START Data supplied

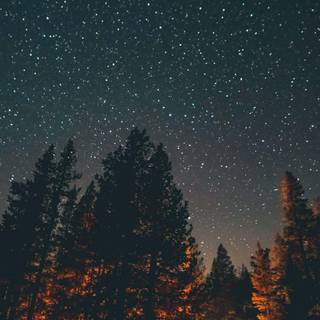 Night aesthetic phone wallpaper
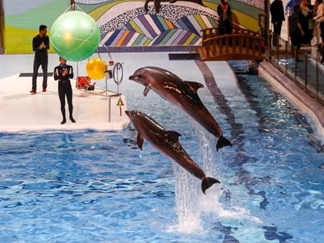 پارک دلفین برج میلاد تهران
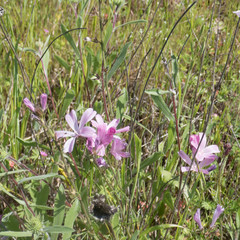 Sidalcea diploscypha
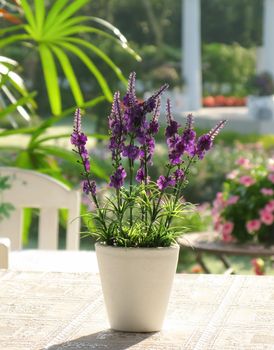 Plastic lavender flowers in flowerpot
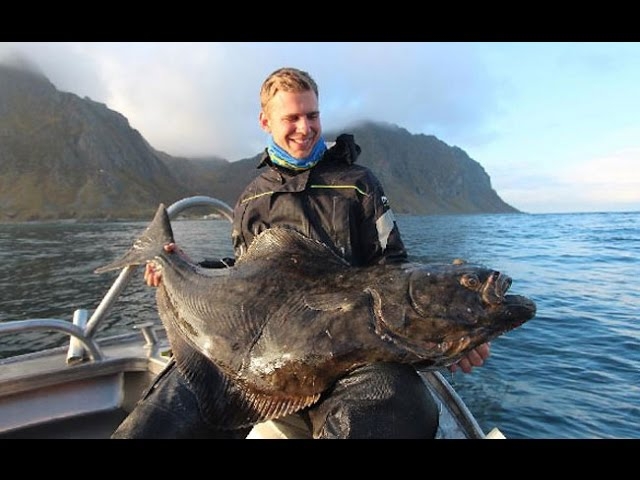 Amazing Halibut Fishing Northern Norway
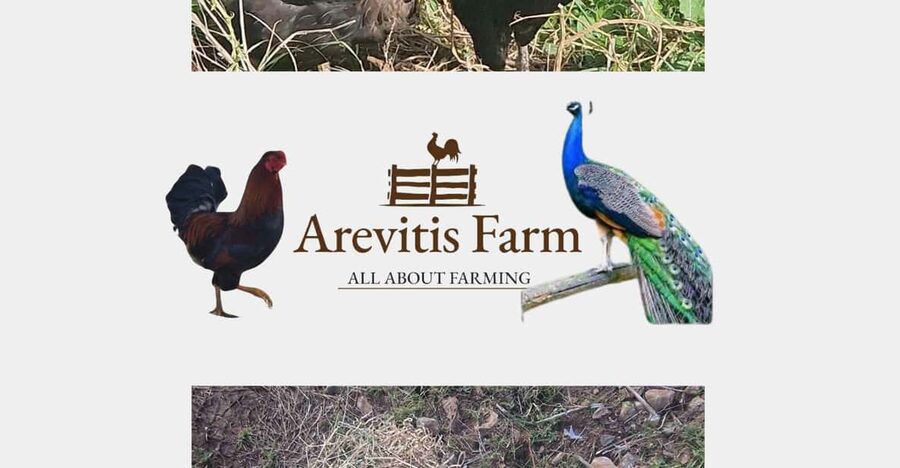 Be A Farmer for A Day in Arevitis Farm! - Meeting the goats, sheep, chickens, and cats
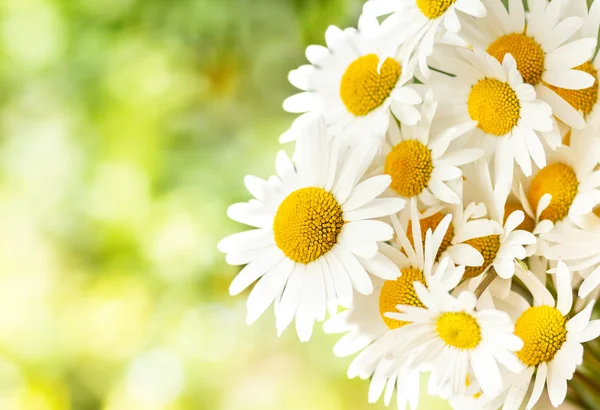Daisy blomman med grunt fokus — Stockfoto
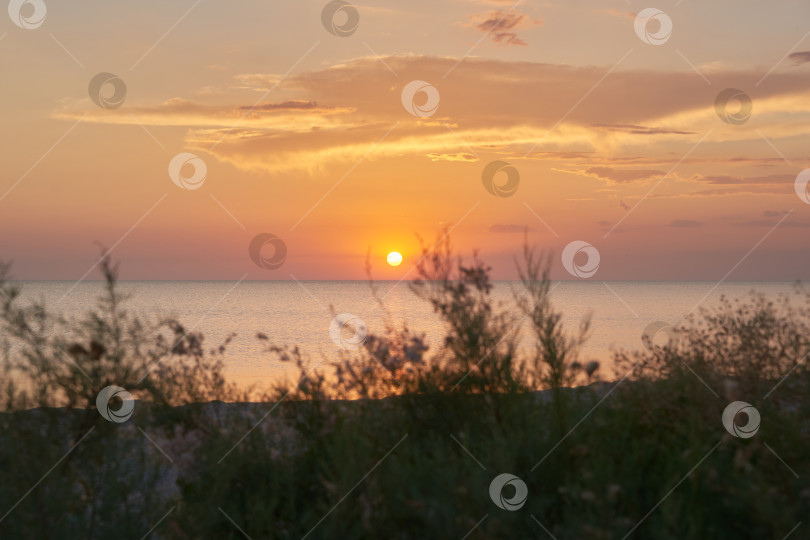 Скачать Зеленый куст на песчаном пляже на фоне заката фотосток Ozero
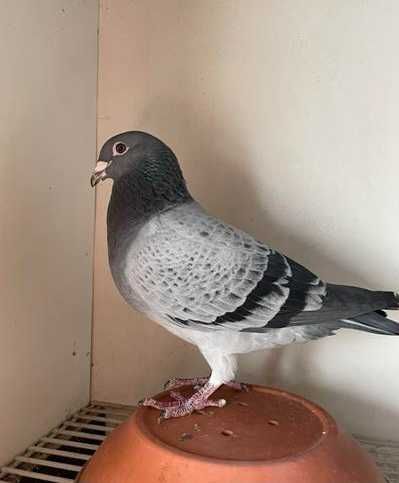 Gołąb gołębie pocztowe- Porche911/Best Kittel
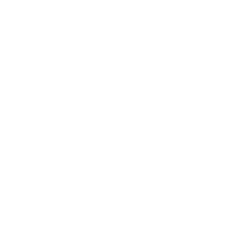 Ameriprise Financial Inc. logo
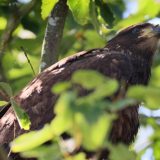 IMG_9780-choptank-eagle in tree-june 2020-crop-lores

END Data supplied

Exercise brief:
All entries above are to be reproduced exactly, with no pictures.

Output for this exercise:
 Night aesthetic phone wallpaper
 پارک دلفین برج میلاد تهران
 Sidalcea diploscypha
 Plastic lavender flowers in flowerpot
 Amazing Halibut Fishing Northern Norway
 Be A Farmer for A Day in Arevitis Farm! - Meeting the goats, sheep, chickens, and cats
Daisy blomman med grunt fokus — Stockfoto
 Скачать Зеленый куст на песчаном пляже на фоне заката фотосток Ozero
 Gołąb gołębie pocztowe- Porche911/Best Kittel
 Ameriprise Financial Inc. logo
 IMG_9780-choptank-eagle in tree-june 2020-crop-lores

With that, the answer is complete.